Tensão Máxima: Prazo Final de Trump para o Irã e Risco de Conflito em Larga Escala
O mundo prende a respiração enquanto o Presidente Donald Trump impõe um prazo rigoroso ao Irã para reabrir o Estreito de Ormuz. A ameaça de Trump é clara e direta: o não cumprimento resultará em ataques devastadores contra a infraestrutura vital do país, com a possibilidade de que “uma civilização inteira morra esta noite”.
Enquanto o ultimato americano paira no ar, o Irã mobiliza sua população, pedindo aos jovens que formem correntes humanas para proteger usinas de energia. A escalada retórica e as ações militares já estão deixando um rastro de vítimas civis, aumentando o temor de um conflito em larga escala.
As informações são de reportagens recentes, que detalham a crescente crise diplomática e militar entre os Estados Unidos e o Irã, com implicações globais para o mercado de petróleo e a segurança internacional.
Trump Eleva o Tom: Ameaças de Destruição e Negociações em Curso
Em declarações contundentes, o Presidente Trump afirmou que se o Irã não cumprir o acordo para reabrir o Estreito de Ormuz até às 20h (horário de Brasília) desta terça-feira, uma “civilização inteira morrerá”, acrescentando que espera que isso não aconteça, mas que “provavelmente acontecerá”. Ele expressou, contudo, que acredita que o regime iraniano está negociando “de boa fé”, considerando as propostas de Teerã um “passo significativo”.
O vice-presidente dos EUA, JD Vance, reforçou a postura, indicando que o país possui “ferramentas em nosso arsenal que ainda não decidimos usar”. Vance declarou que os objetivos militares dos EUA foram em grande parte alcançados, mas que novas ações serão tomadas se o Irã não mudar seu curso.
Ataques e Vítimas Civis: A Realidade da Escalada Militar
A tensão já se traduziu em ações concretas.
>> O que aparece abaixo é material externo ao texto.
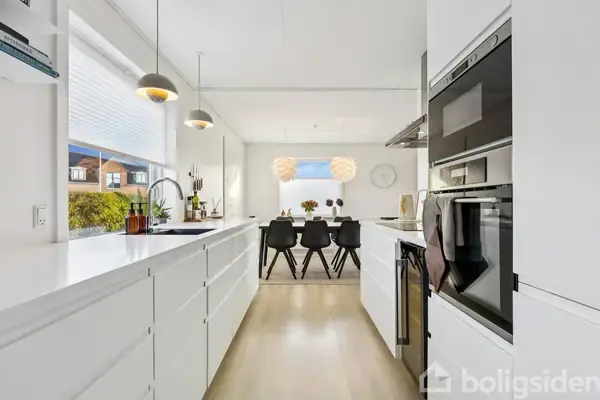 Villa på Ingridsvej 26, 6000 Kolding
Mídia iraniana relatou que uma ponte ferroviária e linhas de energia foram atingidas, e os EUA lançaram novos ataques contra a ilha de Kharg, um importante centro de exportação de petróleo. Pelo menos 18 civis, incluindo duas crianças, foram mortos em ataques na província de Alborz, a oeste de Teerã, conforme informações do vice-governador local, Ghodratollah Seif.
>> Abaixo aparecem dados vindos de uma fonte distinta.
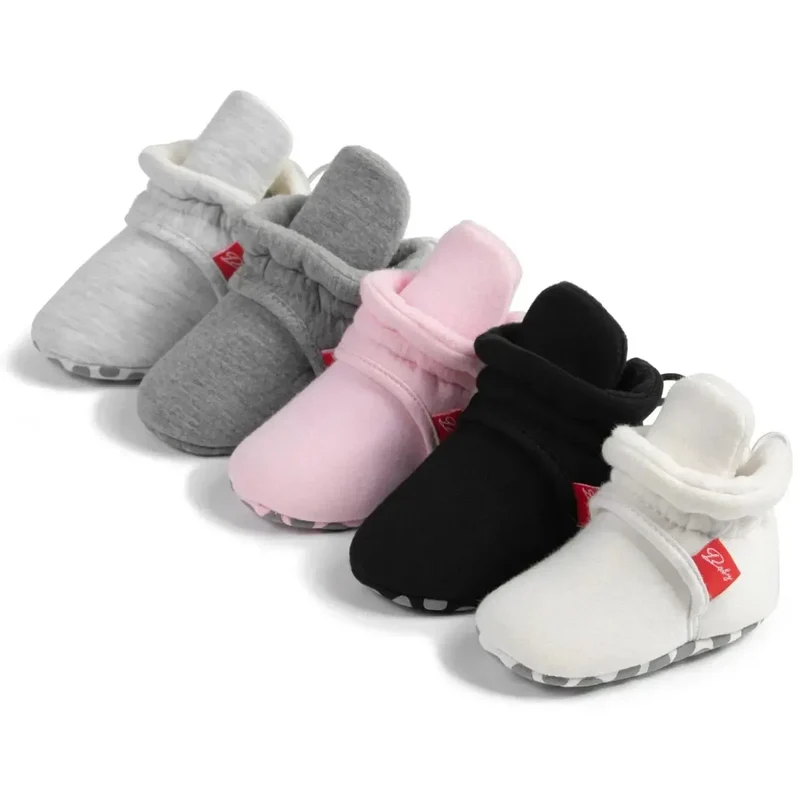Chaussons Bottines Pour Bébé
A agência de notícias estatal iraniana IRNA informou que um ataque a uma ponte ferroviária em Kashan matou duas pessoas e feriu outras três. As Forças de Defesa de Israel emitiram um alerta para que os iranianos evitem trens e estações ferroviárias por cerca de 12 horas, sinalizando possíveis novos ataques à infraestrutura civil.
Mercado em Alerta: Petróleo em Alta e Bolsas em Queda
A iminência de um conflito de maior escala já reflete nos mercados globais. Os preços do petróleo subiram e os contratos futuros das bolsas de valores caíram, em antecipação ao prazo final de Trump. O Brent, referência internacional, avançou 1%, enquanto o WTI, referência americana, disparou 2,9%. Os preços da gasolina nos EUA atingiram o nível mais alto desde 2022.
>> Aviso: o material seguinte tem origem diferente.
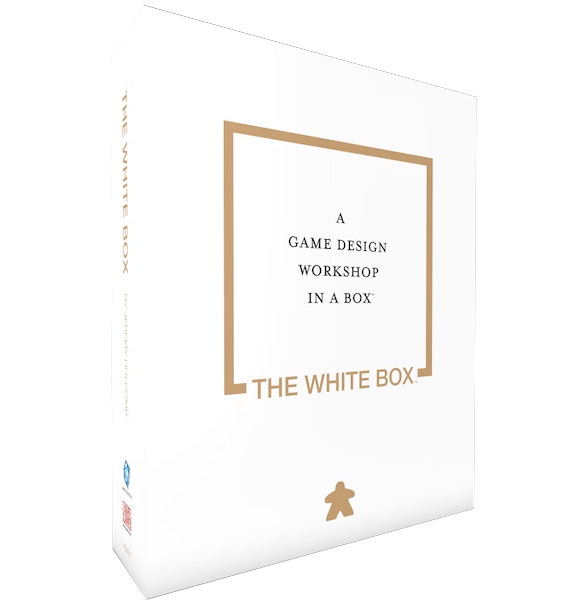 The White Box (Eng)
Irã Responde: Correntes Humanas e Ameaças de Retaliação
Em resposta às ameaças, o regime iraniano convocou jovens a formar correntes humanas ao redor das usinas de energia para protegê-las. O presidente iraniano, Masoud Pezeshkian, afirmou que 14 milhões de iranianos declararam prontidão para “sacrificar suas vidas” em defesa do país. A unidade de cibersegurança da Guarda Revolucionária do Irã alertou que o “autocontrole acabou” e ameaçou privar os EUA e seus aliados do petróleo da região por anos.
O Ministério das Relações Exteriores do Irã declarou que “os iranianos não serão subjugados” pelas datas limite de Trump, afirmando que tais ações “apenas expressam as intenções daqueles que as levantam”. O país busca o fim da guerra e garantias de que os ataques não se repetirão.